> What the exercise asks
Your answer should be the lines from the start of the records through the line with "Art Silk Saree In Green", copied word for word.

Extracted records:
******************************

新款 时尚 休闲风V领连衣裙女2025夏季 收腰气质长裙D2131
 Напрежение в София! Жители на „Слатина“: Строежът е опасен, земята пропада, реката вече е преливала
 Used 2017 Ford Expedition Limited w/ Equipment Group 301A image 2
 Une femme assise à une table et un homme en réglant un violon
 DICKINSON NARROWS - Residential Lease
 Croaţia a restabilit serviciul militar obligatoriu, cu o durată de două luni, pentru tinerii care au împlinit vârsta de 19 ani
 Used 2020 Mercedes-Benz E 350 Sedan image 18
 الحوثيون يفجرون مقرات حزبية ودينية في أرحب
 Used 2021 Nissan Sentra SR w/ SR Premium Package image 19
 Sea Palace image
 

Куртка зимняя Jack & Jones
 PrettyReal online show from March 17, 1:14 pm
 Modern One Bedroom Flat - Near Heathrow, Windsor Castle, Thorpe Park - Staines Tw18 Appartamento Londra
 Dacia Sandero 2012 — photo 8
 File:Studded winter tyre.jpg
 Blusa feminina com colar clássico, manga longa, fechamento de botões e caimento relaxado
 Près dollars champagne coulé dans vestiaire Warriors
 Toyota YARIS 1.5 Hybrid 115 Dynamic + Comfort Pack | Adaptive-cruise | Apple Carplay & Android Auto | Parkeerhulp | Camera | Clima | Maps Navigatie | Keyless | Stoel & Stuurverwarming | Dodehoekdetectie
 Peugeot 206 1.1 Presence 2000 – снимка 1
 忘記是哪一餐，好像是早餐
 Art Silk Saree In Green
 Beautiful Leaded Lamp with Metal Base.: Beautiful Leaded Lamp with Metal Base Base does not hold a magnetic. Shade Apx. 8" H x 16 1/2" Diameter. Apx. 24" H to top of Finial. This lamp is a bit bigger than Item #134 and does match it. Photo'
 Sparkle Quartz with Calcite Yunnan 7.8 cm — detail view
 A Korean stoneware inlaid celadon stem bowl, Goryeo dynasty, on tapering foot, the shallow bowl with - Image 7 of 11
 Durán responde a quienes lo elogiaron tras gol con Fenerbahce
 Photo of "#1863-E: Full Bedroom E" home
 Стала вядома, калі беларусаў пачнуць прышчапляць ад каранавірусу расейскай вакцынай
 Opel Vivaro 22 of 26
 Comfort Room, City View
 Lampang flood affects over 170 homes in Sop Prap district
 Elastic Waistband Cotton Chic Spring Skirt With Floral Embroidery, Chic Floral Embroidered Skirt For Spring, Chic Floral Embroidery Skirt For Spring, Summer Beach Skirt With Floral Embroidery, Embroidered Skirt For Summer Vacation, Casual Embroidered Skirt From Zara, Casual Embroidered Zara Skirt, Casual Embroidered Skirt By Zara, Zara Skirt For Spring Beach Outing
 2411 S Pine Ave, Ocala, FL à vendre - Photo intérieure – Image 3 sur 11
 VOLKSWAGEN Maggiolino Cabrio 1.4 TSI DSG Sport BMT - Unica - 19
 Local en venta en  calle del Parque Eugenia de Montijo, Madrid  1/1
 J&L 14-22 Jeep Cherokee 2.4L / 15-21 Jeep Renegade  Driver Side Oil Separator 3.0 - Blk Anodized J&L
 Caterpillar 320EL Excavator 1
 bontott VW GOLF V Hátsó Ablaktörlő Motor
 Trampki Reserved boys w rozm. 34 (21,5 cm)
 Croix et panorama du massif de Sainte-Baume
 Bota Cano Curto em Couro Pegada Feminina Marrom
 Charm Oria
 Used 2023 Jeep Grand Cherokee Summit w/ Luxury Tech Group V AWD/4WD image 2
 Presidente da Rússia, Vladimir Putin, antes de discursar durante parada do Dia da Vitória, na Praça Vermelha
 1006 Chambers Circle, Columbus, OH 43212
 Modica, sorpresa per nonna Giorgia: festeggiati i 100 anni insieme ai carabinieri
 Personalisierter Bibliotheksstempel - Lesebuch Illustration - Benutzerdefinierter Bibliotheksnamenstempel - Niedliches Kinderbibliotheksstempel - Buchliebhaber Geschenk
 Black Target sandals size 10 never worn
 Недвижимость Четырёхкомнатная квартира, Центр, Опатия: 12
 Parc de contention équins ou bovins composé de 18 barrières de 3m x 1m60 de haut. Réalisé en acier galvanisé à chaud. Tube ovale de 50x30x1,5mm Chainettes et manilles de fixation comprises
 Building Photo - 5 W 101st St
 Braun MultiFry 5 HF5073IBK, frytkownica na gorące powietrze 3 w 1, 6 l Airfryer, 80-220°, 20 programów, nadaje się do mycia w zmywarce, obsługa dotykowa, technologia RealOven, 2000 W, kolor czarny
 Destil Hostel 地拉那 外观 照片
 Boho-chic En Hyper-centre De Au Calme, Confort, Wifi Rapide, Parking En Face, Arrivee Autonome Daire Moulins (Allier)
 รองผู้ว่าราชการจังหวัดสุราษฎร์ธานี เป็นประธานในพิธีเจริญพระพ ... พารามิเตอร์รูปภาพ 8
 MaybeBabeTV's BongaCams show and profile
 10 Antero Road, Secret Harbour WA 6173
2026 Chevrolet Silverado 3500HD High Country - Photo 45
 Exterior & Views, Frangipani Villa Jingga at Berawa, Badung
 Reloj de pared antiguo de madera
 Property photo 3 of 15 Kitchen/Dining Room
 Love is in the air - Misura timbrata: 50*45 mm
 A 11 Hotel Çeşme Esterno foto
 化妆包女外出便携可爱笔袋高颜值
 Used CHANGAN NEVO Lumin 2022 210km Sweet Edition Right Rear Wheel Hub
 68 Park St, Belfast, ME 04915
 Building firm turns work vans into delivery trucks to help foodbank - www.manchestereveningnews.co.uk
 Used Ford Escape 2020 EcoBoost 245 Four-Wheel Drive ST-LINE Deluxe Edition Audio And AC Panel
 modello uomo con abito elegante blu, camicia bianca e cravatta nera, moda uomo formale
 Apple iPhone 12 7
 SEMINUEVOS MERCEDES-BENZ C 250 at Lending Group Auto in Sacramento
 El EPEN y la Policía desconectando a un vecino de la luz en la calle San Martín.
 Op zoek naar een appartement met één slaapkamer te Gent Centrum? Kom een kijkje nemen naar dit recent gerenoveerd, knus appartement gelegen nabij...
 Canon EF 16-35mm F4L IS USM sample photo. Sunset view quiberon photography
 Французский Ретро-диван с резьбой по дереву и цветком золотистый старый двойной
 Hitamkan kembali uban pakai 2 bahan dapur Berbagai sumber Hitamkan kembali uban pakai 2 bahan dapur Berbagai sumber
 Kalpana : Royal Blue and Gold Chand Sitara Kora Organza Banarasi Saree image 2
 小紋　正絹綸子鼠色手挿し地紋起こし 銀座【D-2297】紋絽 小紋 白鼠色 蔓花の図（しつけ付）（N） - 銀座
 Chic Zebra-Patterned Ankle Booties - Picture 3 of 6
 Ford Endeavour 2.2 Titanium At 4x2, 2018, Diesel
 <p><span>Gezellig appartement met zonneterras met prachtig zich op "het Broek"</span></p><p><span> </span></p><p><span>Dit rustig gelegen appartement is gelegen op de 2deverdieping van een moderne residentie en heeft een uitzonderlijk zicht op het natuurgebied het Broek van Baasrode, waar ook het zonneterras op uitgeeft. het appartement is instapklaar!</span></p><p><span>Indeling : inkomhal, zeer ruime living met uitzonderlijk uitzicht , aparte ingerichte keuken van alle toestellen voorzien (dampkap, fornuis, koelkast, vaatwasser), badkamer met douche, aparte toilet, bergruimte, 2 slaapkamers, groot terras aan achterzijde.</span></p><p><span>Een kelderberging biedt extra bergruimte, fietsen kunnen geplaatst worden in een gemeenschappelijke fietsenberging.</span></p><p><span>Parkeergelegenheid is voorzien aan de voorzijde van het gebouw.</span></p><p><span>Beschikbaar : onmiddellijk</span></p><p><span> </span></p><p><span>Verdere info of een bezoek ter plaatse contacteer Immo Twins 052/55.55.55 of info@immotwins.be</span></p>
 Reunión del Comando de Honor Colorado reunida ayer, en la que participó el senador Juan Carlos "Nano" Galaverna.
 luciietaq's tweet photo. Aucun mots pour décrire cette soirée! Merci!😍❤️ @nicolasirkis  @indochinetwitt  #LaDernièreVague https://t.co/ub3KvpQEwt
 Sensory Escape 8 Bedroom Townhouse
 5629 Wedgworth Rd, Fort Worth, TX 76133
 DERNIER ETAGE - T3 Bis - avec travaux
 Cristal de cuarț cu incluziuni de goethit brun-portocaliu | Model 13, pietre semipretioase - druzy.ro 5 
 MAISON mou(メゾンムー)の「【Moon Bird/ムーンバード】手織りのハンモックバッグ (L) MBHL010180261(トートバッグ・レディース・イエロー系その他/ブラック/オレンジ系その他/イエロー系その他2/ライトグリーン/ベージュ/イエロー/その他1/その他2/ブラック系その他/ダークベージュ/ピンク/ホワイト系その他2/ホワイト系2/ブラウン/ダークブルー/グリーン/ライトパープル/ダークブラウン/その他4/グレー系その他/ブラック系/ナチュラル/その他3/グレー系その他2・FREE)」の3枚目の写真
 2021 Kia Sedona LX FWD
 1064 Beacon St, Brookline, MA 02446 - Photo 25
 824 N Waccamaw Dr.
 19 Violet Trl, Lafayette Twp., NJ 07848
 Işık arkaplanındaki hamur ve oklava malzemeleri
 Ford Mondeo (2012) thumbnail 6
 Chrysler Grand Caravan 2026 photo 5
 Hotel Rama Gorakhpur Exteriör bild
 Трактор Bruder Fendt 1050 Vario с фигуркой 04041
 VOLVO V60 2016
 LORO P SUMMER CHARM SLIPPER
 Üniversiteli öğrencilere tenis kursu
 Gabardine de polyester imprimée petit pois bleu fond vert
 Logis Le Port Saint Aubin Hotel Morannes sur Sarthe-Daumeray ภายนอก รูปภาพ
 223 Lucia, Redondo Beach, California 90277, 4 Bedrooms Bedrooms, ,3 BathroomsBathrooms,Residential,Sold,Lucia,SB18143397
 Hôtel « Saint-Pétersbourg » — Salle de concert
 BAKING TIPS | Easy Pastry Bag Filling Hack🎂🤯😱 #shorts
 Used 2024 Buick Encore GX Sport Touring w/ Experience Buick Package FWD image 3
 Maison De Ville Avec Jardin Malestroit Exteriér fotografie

******************************

> Solution for this exercise
新款 时尚 休闲风V领连衣裙女2025夏季 收腰气质长裙D2131
 Напрежение в София! Жители на „Слатина“: Строежът е опасен, земята пропада, реката вече е преливала
 Used 2017 Ford Expedition Limited w/ Equipment Group 301A image 2
 Une femme assise à une table et un homme en réglant un violon
 DICKINSON NARROWS - Residential Lease
 Croaţia a restabilit serviciul militar obligatoriu, cu o durată de două luni, pentru tinerii care au împlinit vârsta de 19 ani
 Used 2020 Mercedes-Benz E 350 Sedan image 18
 الحوثيون يفجرون مقرات حزبية ودينية في أرحب
 Used 2021 Nissan Sentra SR w/ SR Premium Package image 19
 Sea Palace image
 

Куртка зимняя Jack & Jones
 PrettyReal online show from March 17, 1:14 pm
 Modern One Bedroom Flat - Near Heathrow, Windsor Castle, Thorpe Park - Staines Tw18 Appartamento Londra
 Dacia Sandero 2012 — photo 8
 File:Studded winter tyre.jpg
 Blusa feminina com colar clássico, manga longa, fechamento de botões e caimento relaxado
 Près dollars champagne coulé dans vestiaire Warriors
 Toyota YARIS 1.5 Hybrid 115 Dynamic + Comfort Pack | Adaptive-cruise | Apple Carplay & Android Auto | Parkeerhulp | Camera | Clima | Maps Navigatie | Keyless | Stoel & Stuurverwarming | Dodehoekdetectie
 Peugeot 206 1.1 Presence 2000 – снимка 1
 忘記是哪一餐，好像是早餐
 Art Silk Saree In Green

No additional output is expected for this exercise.